Back to List Archive

indexing Msoft Word docs

From: David Larkin <david.larkin(at)not-real.djl.co.uk>
Date: Fri Dec 02 2005 - 11:30:01 GMT
I started using swish-e yesterday , and first impressions are very favourable.

Following Josh Rabinowitz' 'How to Index anything' I was able to index html and pdf files and then configure swish.cgi to get a web search form.

I'd now like to do the same for word docs.

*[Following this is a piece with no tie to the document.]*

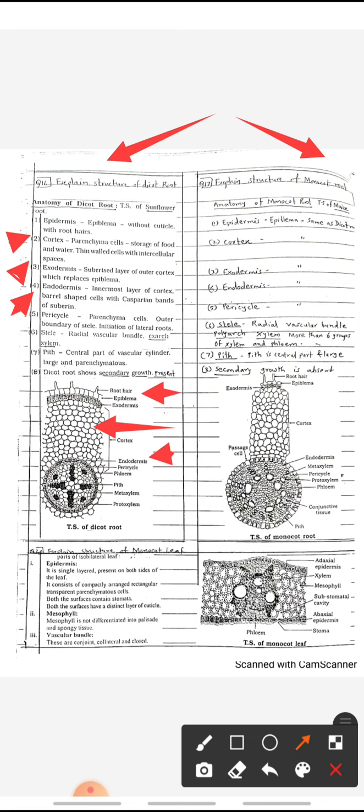Cortex cells are mostly thin-walled with intercellular spaces. The outer layer of cortex is called exodermis. Next is the endodermis, which is the innermost layer of cortex; its cells are mostly barrel-shaped. Below the endodermis is the pericycle, which consists of parenchyma cells.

Using Josh's howto-doc-prog.pl as a starting point

#!/usr/bin/perl -w
use pdf2xml;
my @files =
    `find ./pdf/ -name '*.pdf' -print`;
for (@files) {
    chomp();
    my $xml_record_ref = pdf2xml($_);
    # this is one XML file with a SWISH-E header
    print $$xml_record_ref;
}

I've tried to build an eqiuvelent for word docs, I came up with

#!/usr/bin/perl -w

my @files =
    `find ./doc/ -name '*.doc' -print`;
for (@files) {
    chomp();
    my $xml_record_ref = exec "/usr/local/bin/catdoc $_";
    # this is one XML file with a SWISH-E header
    print $$xml_record_ref;
}

which when I run gives

100:sparrow.djl.co.uk{david}% swish-e -c howto-doc.conf -S prog

Warning: UseStemming is deprecated.  See FuzzyIndexingMode in the docs
Indexing Data Source: "External-Program"
Indexing "./howto-doc-prog.pl"
External Program found: ./howto-doc-prog.pl

Warning: Unknown header line: 'Cricket Roundup' from program ./howto-doc-prog.plerr: External program failed to return required headers Path-Name:
.
101:sparrow.djl.co.uk{david}%


I guess the problem is that catdoc produces text and not xml.

Do I need to modify howto-doc.conf ?

I currently have

# howto-doc.conf

IndexDir ./howto-doc-prog.pl

IndexFile ./howto-doc.index

UseStemming	yes
MetaNames	swishtitle	swishdocpath

Any ideas ?

Thanks
Received on Fri Dec 2 03:30:02 2005